-- Supplied material follows --

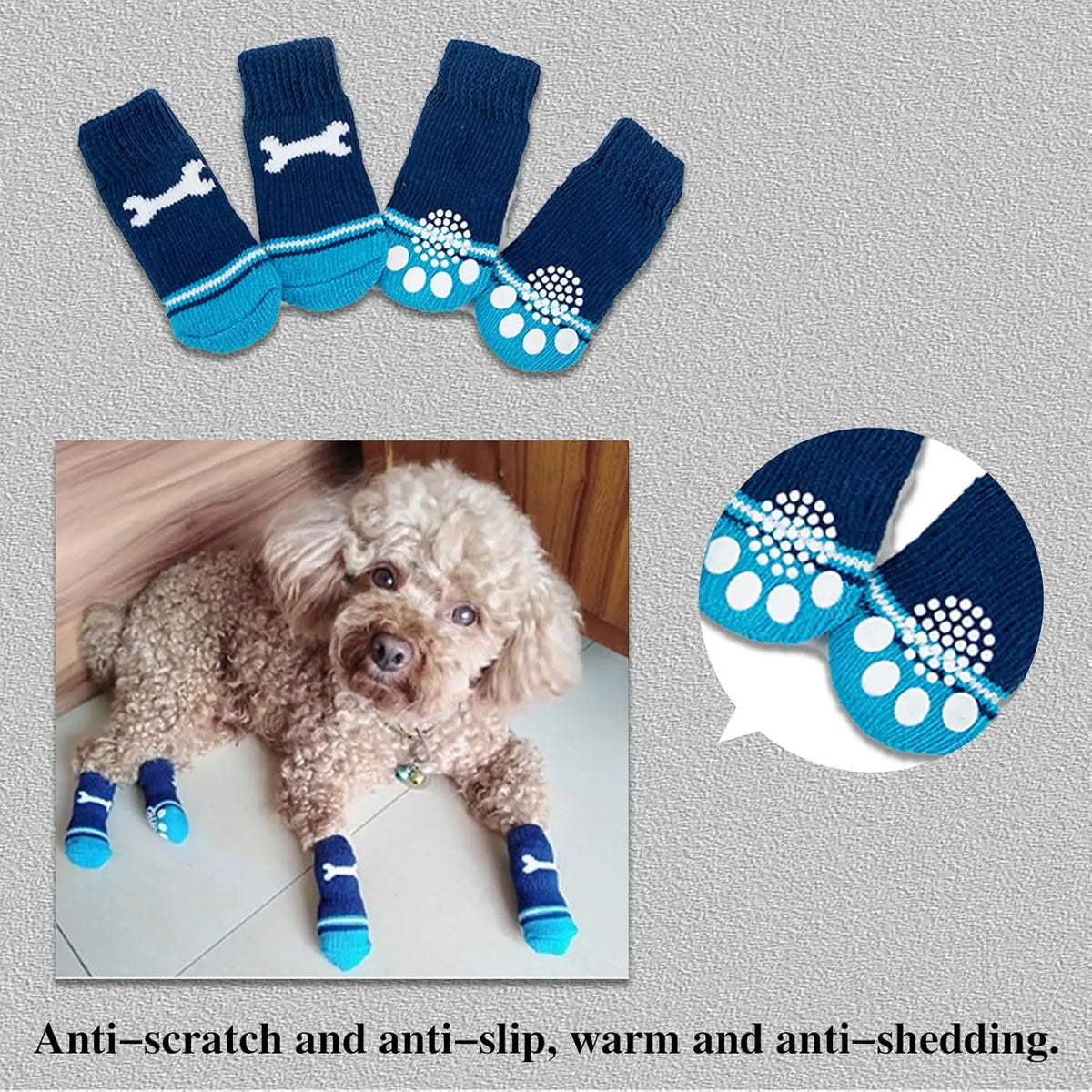 Anti-Slip Paw Socks for Small Dogs & Cats | Indoor Protection Pet Paw Protectors Qme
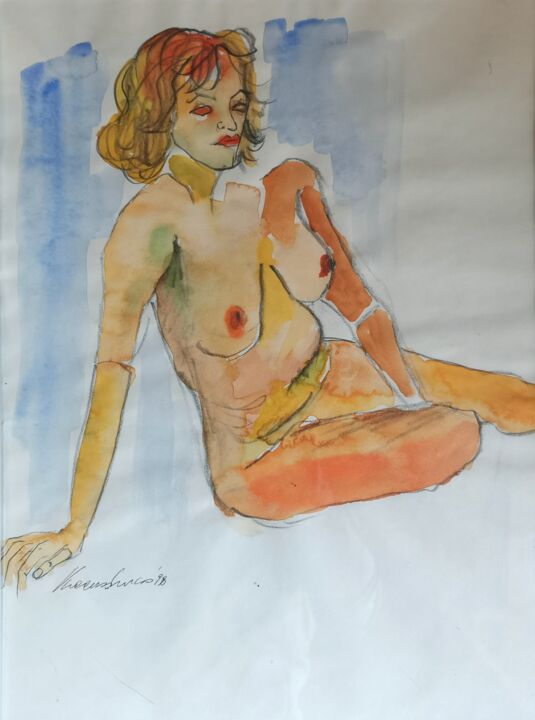 Disegno intitolato "Nudo" da Vincenzo Cohen, Opera d'arte originale, Acquarello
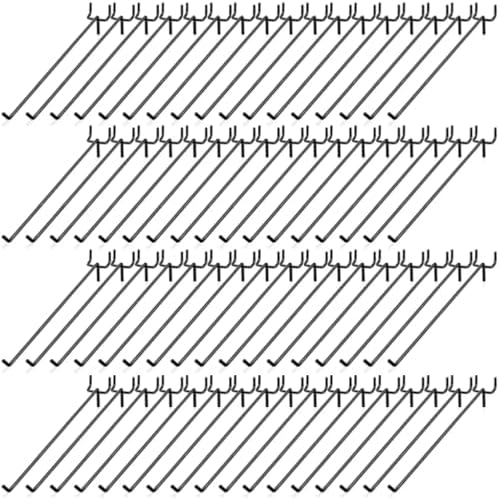 Pack of 50 Heavy Duty Pegboard Hooks – 4 Inches Metal Peg Board Shelving Hook – Black Pegboard Display Hooks for Garage Storage & Retail Store Fixtures by DFWFixture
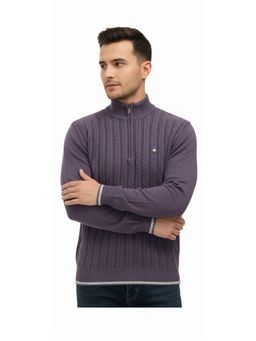 Pierre Carlo - Men Purple Regular Full Sleeves Sweater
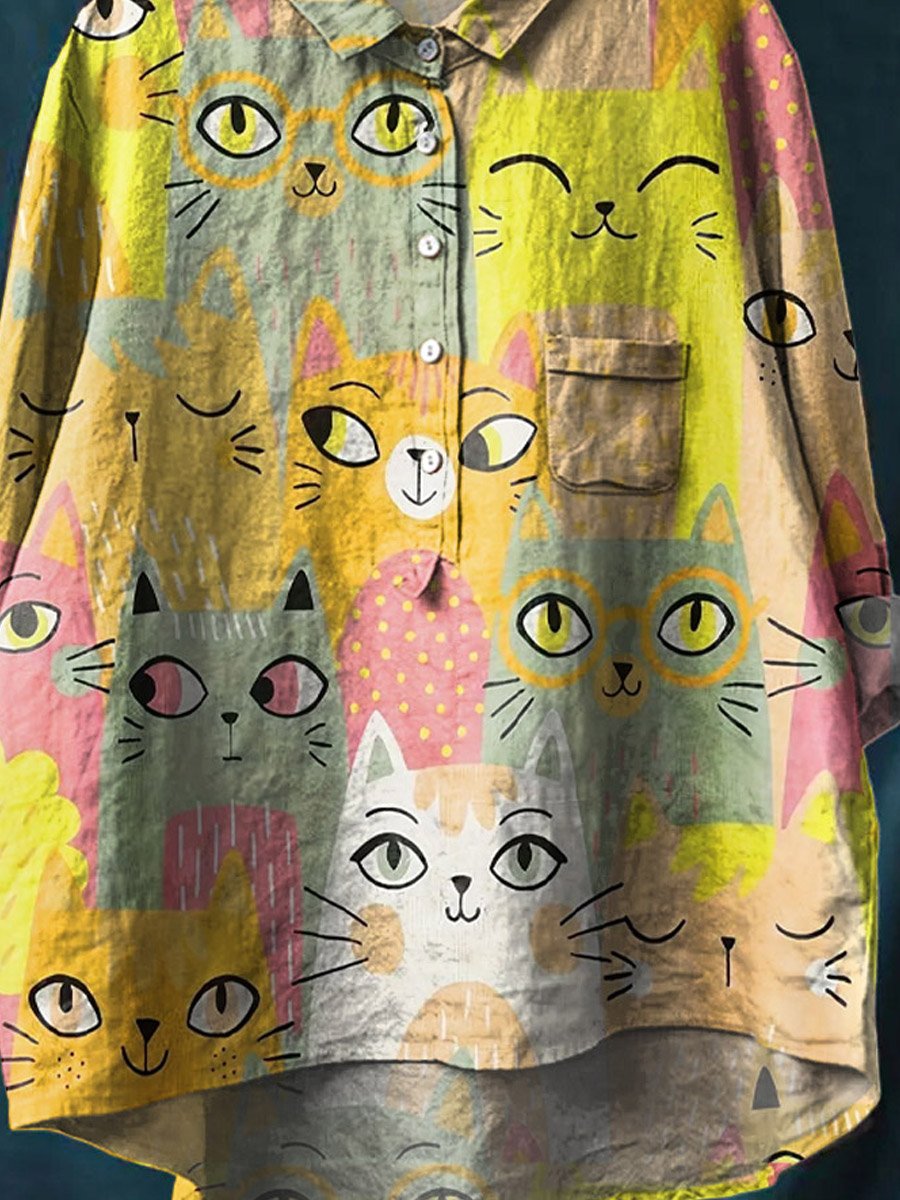 Vintage Lovely Cats Art Print Casual Cotton And Linen Shirt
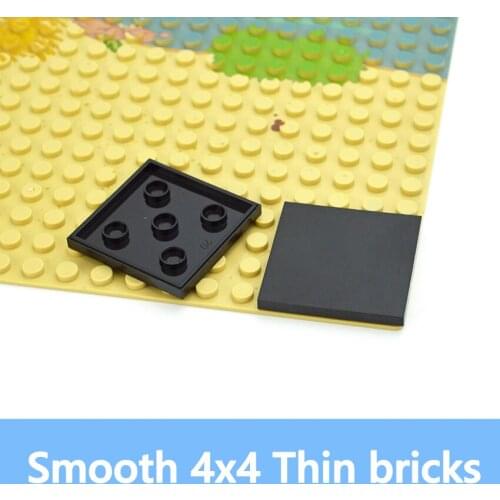 30PCS Assembles Particles DIY Building Blocks Figure Bricks Smooth Flat 4*4 Tile 4x4 Educational Creative MOC Toys for Children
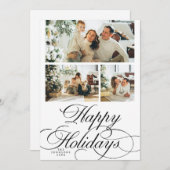 Elegant Calligraphy Script Photo Collage Christmas シーズンカード (正面/裏面)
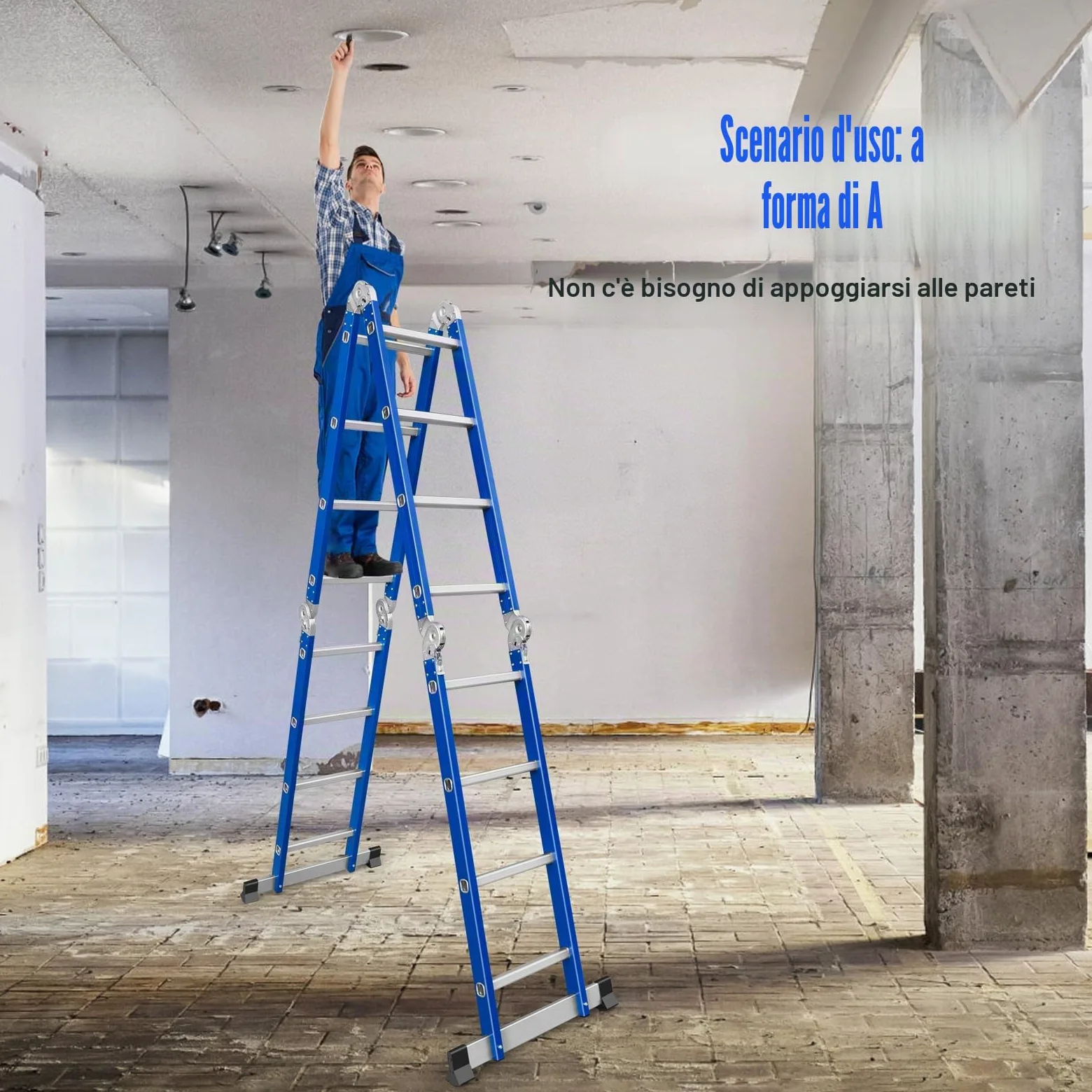 Scala multifunzione in alluminio, 4 x 4 gradini, lunghezza 4,7 m, 4 pezzi, portata massima 150 kg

-- Supplied material concluded --

All entries above, minus the pictures, should be repeated exactly.

 Anti-Slip Paw Socks for Small Dogs & Cats | Indoor Protection Pet Paw Protectors Qme
 Disegno intitolato "Nudo" da Vincenzo Cohen, Opera d'arte originale, Acquarello
 Pack of 50 Heavy Duty Pegboard Hooks – 4 Inches Metal Peg Board Shelving Hook – Black Pegboard Display Hooks for Garage Storage & Retail Store Fixtures by DFWFixture
 Pierre Carlo - Men Purple Regular Full Sleeves Sweater
 Vintage Lovely Cats Art Print Casual Cotton And Linen Shirt
 30PCS Assembles Particles DIY Building Blocks Figure Bricks Smooth Flat 4*4 Tile 4x4 Educational Creative MOC Toys for Children
 Elegant Calligraphy Script Photo Collage Christmas シーズンカード (正面/裏面)
 Scala multifunzione in alluminio, 4 x 4 gradini, lunghezza 4,7 m, 4 pezzi, portata massima 150 kg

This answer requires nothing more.